____ Dataset content

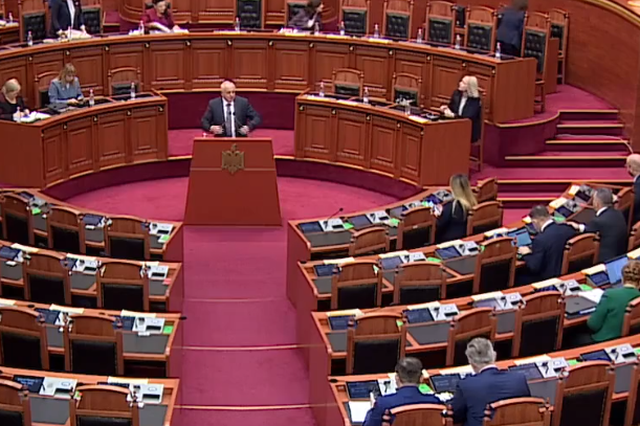 Tritan Shehu përplaset me Spiropalin: Kaloni urgjent ligjin që njeh vetëm 2 gjini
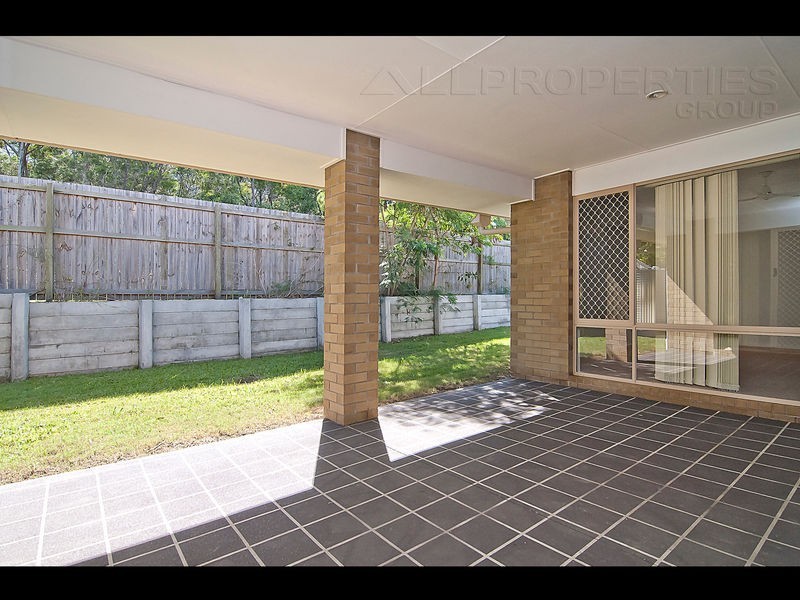 52 Tennessee Way, Berrinba QLD 4117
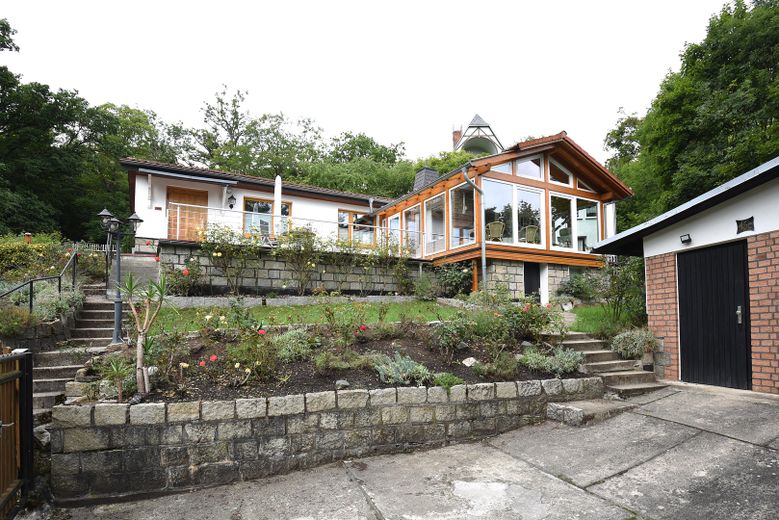 Mały dom jednorodzinny w stylu bungalow – mit Teilansicht Garage 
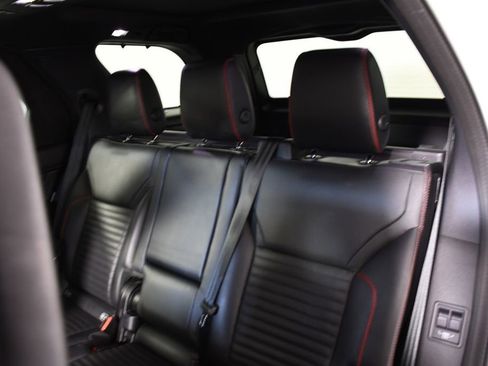 Used 2019 Land Rover Discovery HSE AWD/4WD image 28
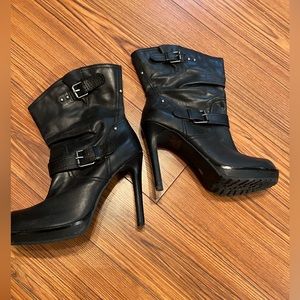 Jessica Simpson boots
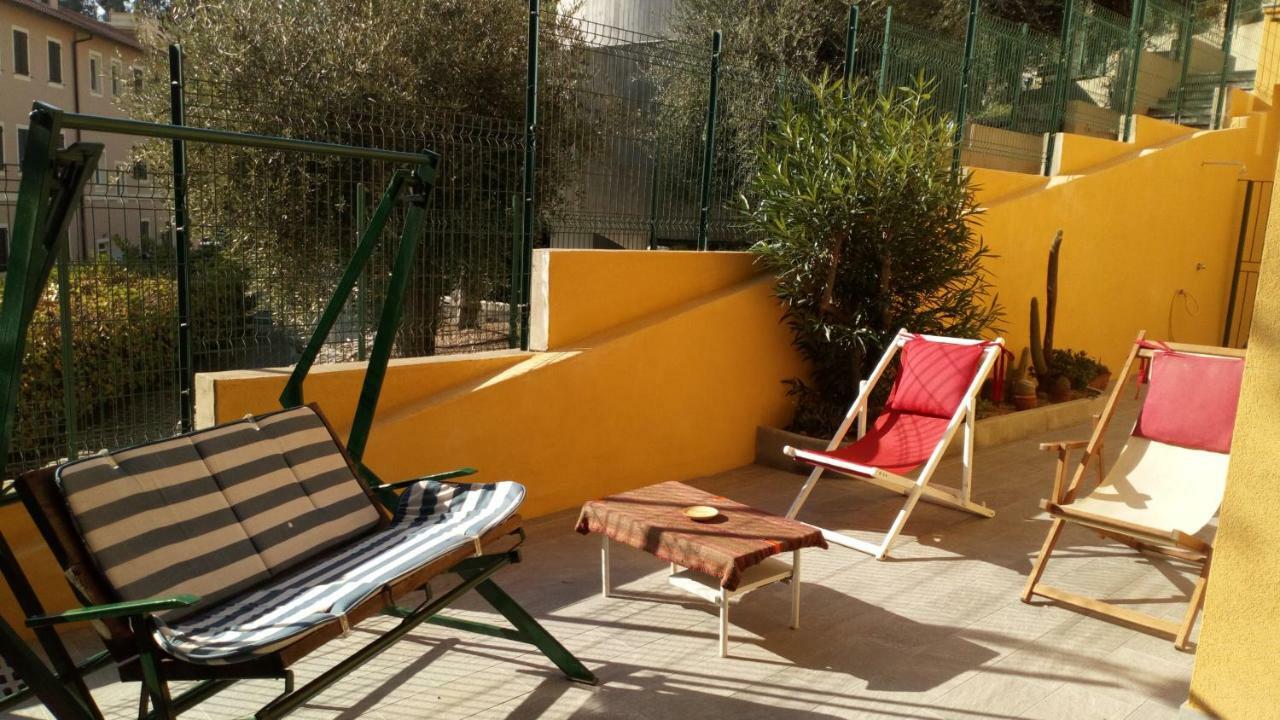 شقة Casa Di Claude Con Posto Auto فينالي ليغوري المظهر الخارجي الصورة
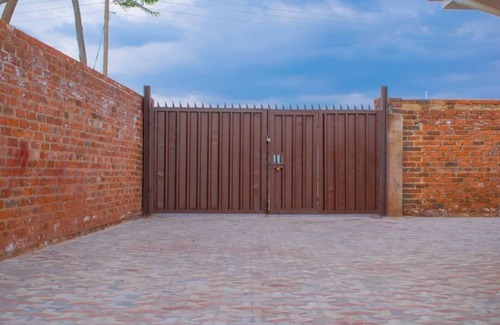 Harare Casa | Cosy home near airport comfy beds family friendly entire house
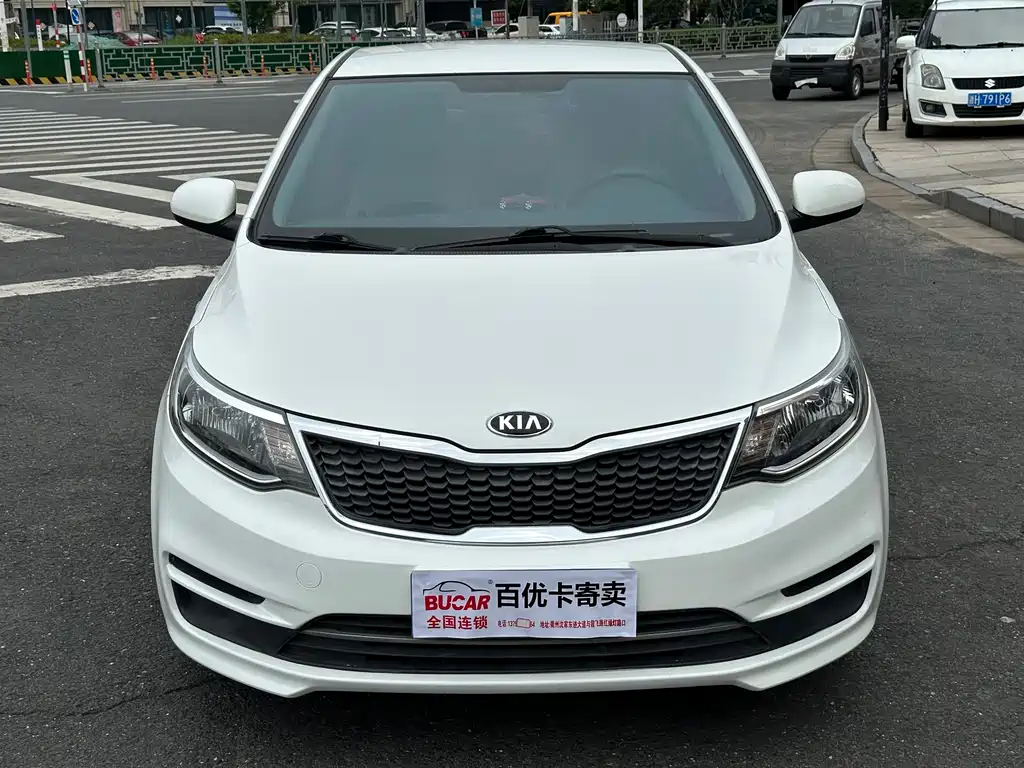 KIA K2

________

Leave the pictures out and return each entry exactly.

 Tritan Shehu përplaset me Spiropalin: Kaloni urgjent ligjin që njeh vetëm 2 gjini
 52 Tennessee Way, Berrinba QLD 4117
 Mały dom jednorodzinny w stylu bungalow – mit Teilansicht Garage 
 Used 2019 Land Rover Discovery HSE AWD/4WD image 28
 Jessica Simpson boots
 شقة Casa Di Claude Con Posto Auto فينالي ليغوري المظهر الخارجي الصورة
 Harare Casa | Cosy home near airport comfy beds family friendly entire house
 KIA K2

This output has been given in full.